> Directions: Search the entries below for the line containing "May include: A"; from there to the end, return every line exactly and add nothing.

(Excerpts from a dataset)

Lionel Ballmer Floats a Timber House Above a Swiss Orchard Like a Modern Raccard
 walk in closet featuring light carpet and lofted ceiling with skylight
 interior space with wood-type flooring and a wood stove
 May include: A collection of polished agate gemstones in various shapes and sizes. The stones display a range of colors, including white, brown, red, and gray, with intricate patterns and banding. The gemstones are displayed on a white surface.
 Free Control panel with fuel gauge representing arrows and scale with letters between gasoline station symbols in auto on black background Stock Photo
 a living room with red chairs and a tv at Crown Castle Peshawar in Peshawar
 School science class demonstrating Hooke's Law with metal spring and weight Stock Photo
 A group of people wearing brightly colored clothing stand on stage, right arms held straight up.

> Completed task:
 May include: A collection of polished agate gemstones in various shapes and sizes. The stones display a range of colors, including white, brown, red, and gray, with intricate patterns and banding. The gemstones are displayed on a white surface.
 Free Control panel with fuel gauge representing arrows and scale with letters between gasoline station symbols in auto on black background Stock Photo
 a living room with red chairs and a tv at Crown Castle Peshawar in Peshawar
 School science class demonstrating Hooke's Law with metal spring and weight Stock Photo
 A group of people wearing brightly colored clothing stand on stage, right arms held straight up.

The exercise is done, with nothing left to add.